Sophia kommt nicht mehr

Nepper – Schlepper – Bauernfänger

Wenn Menschen vor Krieg und Zerstörung fliehen, ist Abwehr und Abschreckung die erste Reaktion maßgeblicher Teile der Bundesregierung. Das wurde mit der härtesten Asylrechtsverschärfungen der letzten 20 Jahre klar. Nirgends jedoch wird das Credo „Abwehren statt Helfen“ so deutlich wie bei der EU-Militärmission im Mittelmeer.

Wie man mit Tatsachen die Unwahrheit verbreiten kann, beschreibt aktuell Umberto Eco in seinem Roman Nullnummer. Dass man auch mit Namen lügen kann, belegt der Rat der Europäischen Union. Was vorher schön bürokratisch EUNAVFOR MED genannt wurde – die Militärmission vor der Küste Libyens – heißt seit dem Beginn ihrer 2. Phase Operation Sophia.

Sophia kam im August auf der Fregatte Schleswig-Holstein zur Welt – das erste Kind, welches auf einem Schiff der Bundesmarine geboren wurde. Sophias Mutter war aus dem zerfallenen Somalia geflohen und hatte sich auf den gefährlichen Weg über das Mittelmeer gemacht. Hier wurde sie mit 452 Menschen von der Bundesmarine gerettet. Inzwischen haben deutsche Soldaten über 7500 Menschen im Mittelmeer gerettet. Eine großartige Leistung.

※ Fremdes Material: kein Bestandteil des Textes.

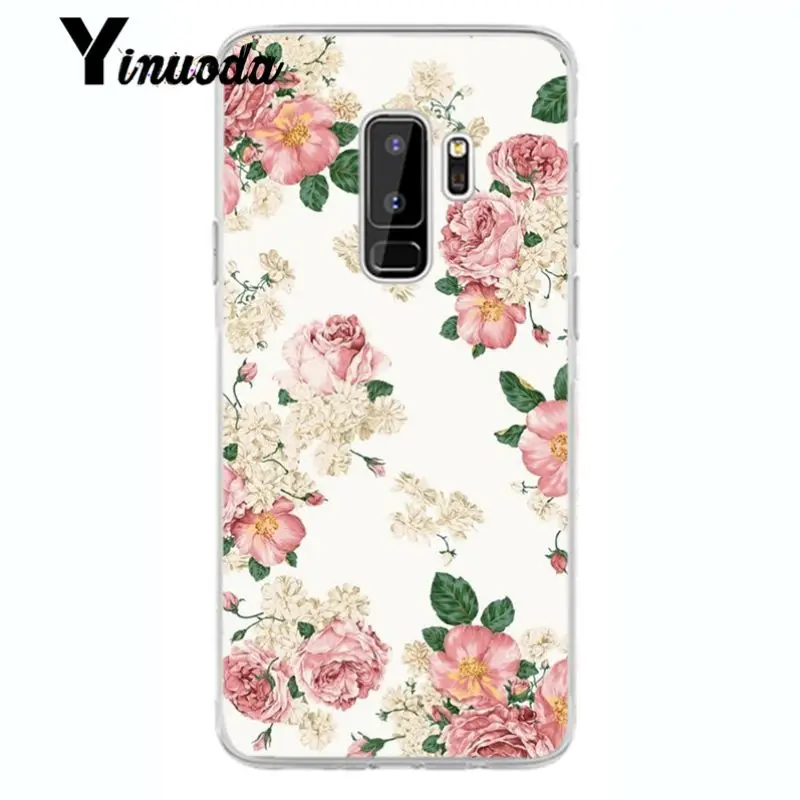 Flower Cherry Tree Candy Colors Leaves 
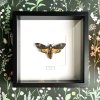acherontia atropos frame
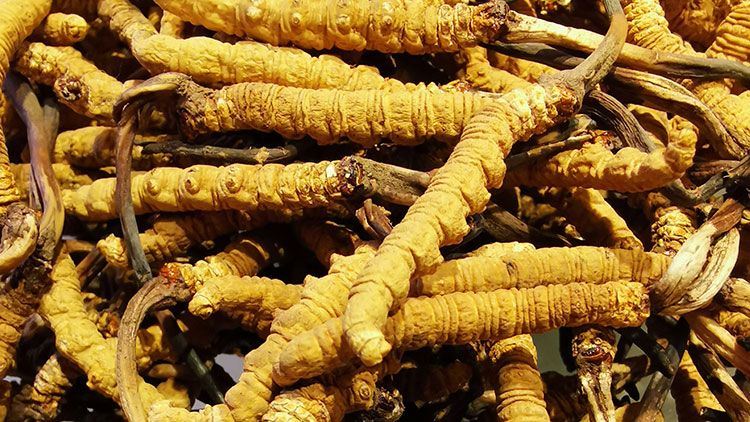 冬蟲(chóng)夏草是什么味道？揭秘“軟黃金”的獨(dú)特風(fēng)味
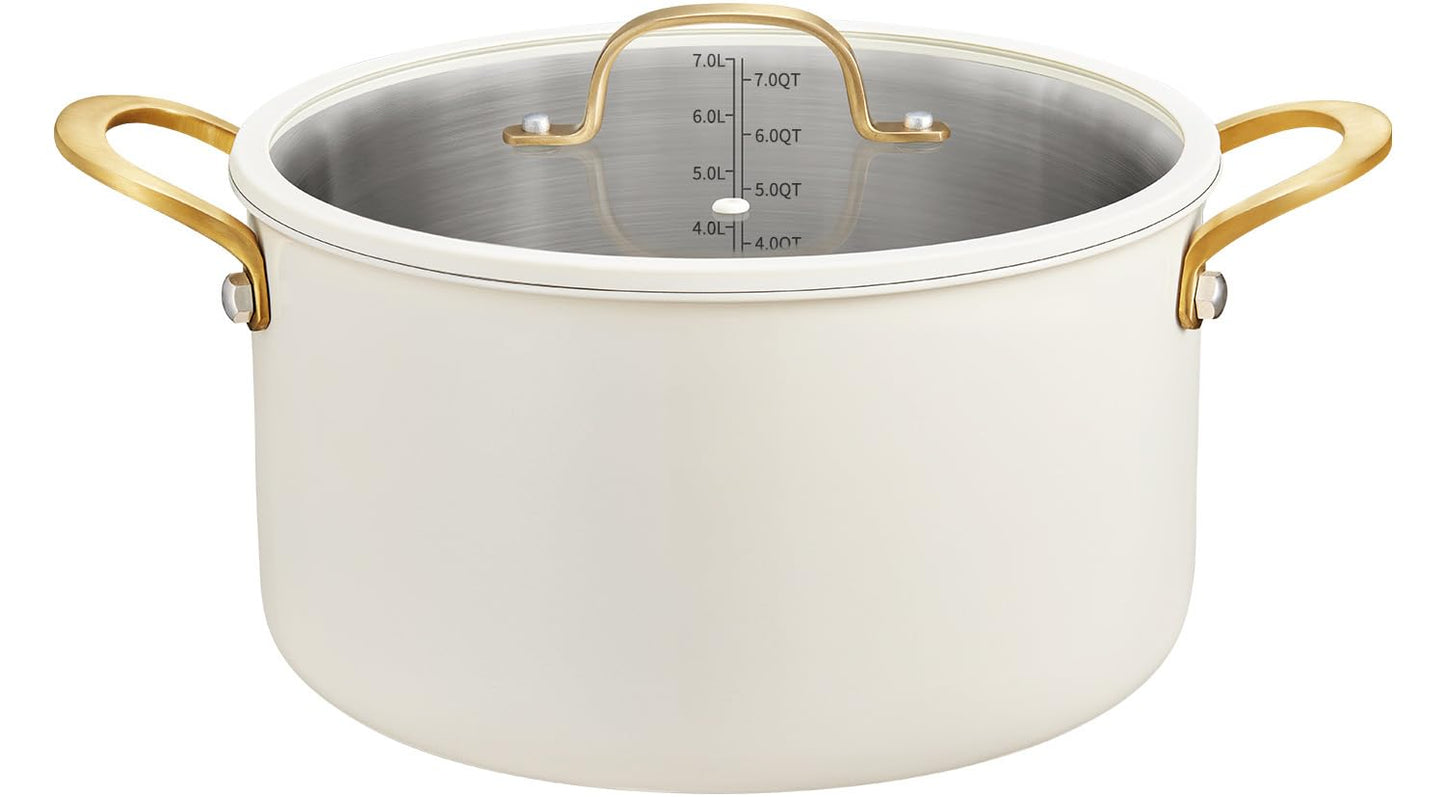 BEZIA 12 Quart Full Clad Try-Ply Stainless Steel Stock Pot, Induction Ready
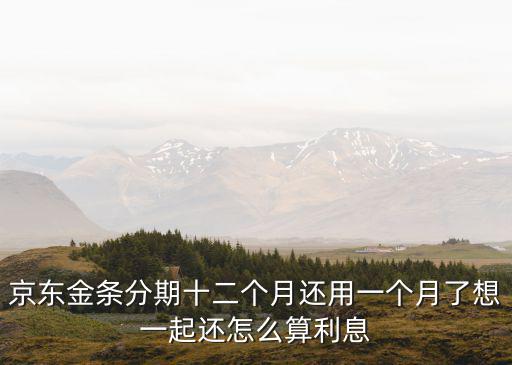 京東金條怎么還款劃算，京東金條每月還款怎樣還的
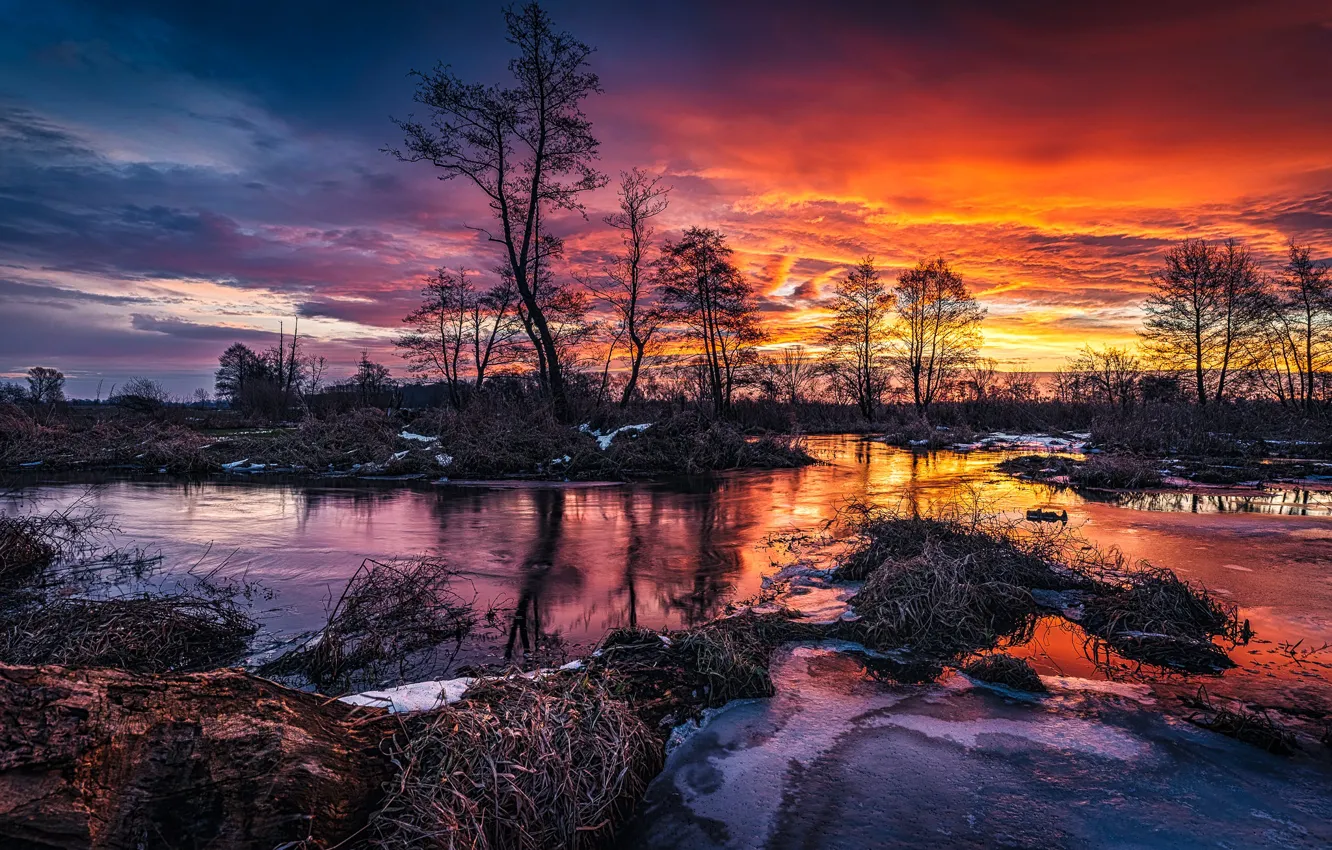 Фото обои небо, деревья, закат, природа, река, весна, Tomczak Michał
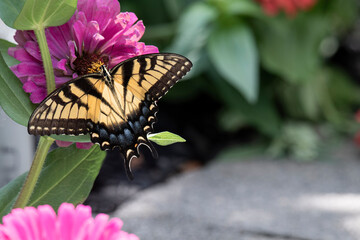 Sunlight illumenates a monarch butterfy ina garden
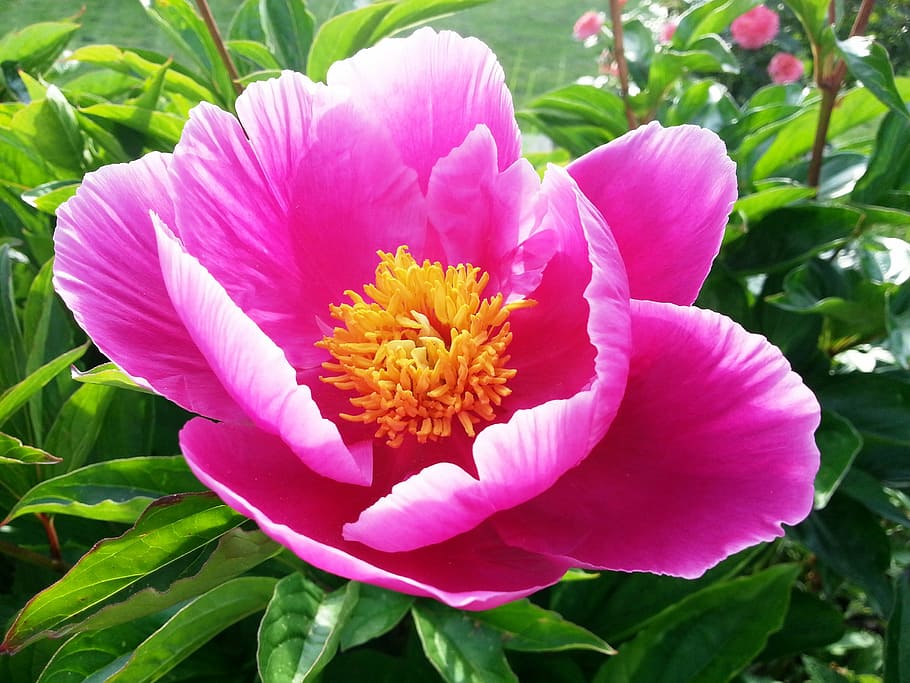 pink flowers with green leaves, paeonia, peony, pentecost, yellow, HD wallpaper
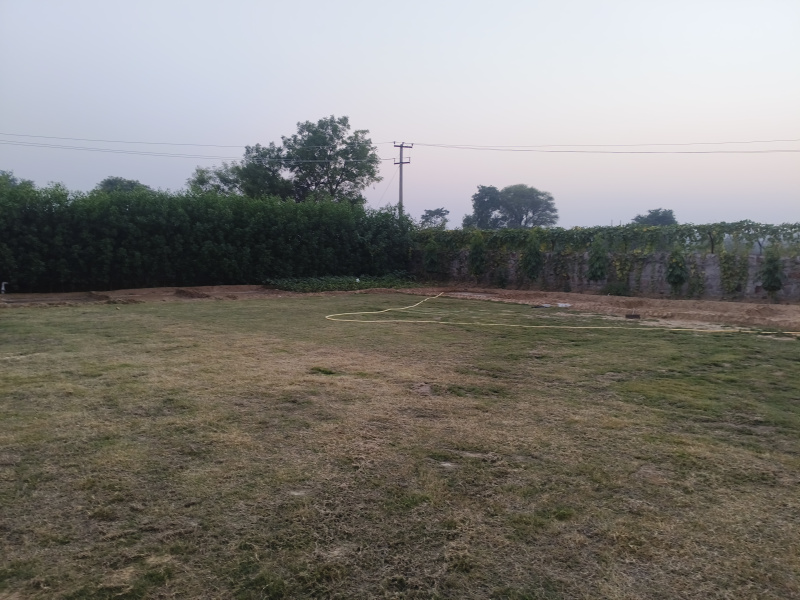  1 Acre Agricultural/Farm Land for Sale in Sohna, Gurgaon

Doch schon die Vorgeschichte zu Sophias Rettung ist eine traurige. Bis zum Oktober 2014 gab es die italienische Mission Mare Nostrum zur Rettung von Flüchtlingen. Doch dann musste Italien – mit dem Problem von den anderen Europäern alleine gelassen – diese Mission beenden. Es war Innenminister De Maizière, der maßgeblich zum Ende der Rettungsmission Mare Nostrum beitrug. Er ging soweit, die Rettungsmission als „eine Art Beihilfe für das Vermögen von Menschenhändlern“  zu bezeichnen. Deshalb wurde Mare Nostrum durch eine Abwehrmission der EU namens Triton ersetzt.

In Folge dieser Entscheidung kamen nicht weniger Flüchtlinge übers Mittelmeer. Aber es ertranken Hunderte. Nach dem Tod von 700 Menschen an einem Tag schaltete Europa von der Abschreckung kurz auf Rettung um. Marine wurde zur Rettung ins Mittelmeer geschickt.

Doch ab April wurde wieder verstärkt auf Abwehr gesetzt. Die Mission EUNAVFOR MED soll neben Seenotrettung vor allem den Kampf gegen die Schlepper aufnehmen – zunächst auf dem Mittelmeer und dann auch an der libyschen Küste. Die Schwerpunktverschiebung schlägt sich in den Zahlen nieder. Es wurden weniger Menschen gerettet. Hatte die Bundeswehr in den zwei Monaten vor Beginn der Operation noch knapp 6.000 Menschen gerettet, waren es in den ersten zweieinhalb Monaten von EUNAVFOR MED nur noch 1.500.

Im Oktober 2015 startete nun Phase 2 der Militärmission, die den Kampf gegen Schlepper einläuten sollte. Deutschland stellt dazu Schiffe und bis zu 950 Soldatinnen und Soldaten bereit. Wir Grünen hatten diesen militärischen Aktionismus kritisiert. Um für ihren Antrag ein Mandat des Bundestags zu bekommen, setzen die Bundesregierung und die EU-Kommission uns Abgeordnete massiv unter Druck – und versprach schnelle Resultate im Kampf gegen Schlepper. Die Mission sei „ein wichtiges Mittel, um den mit äußerster Brutalität agierenden Banden das Handwerk zu legen“, betonte Verteidigungsministerin Ursula von der Leyen.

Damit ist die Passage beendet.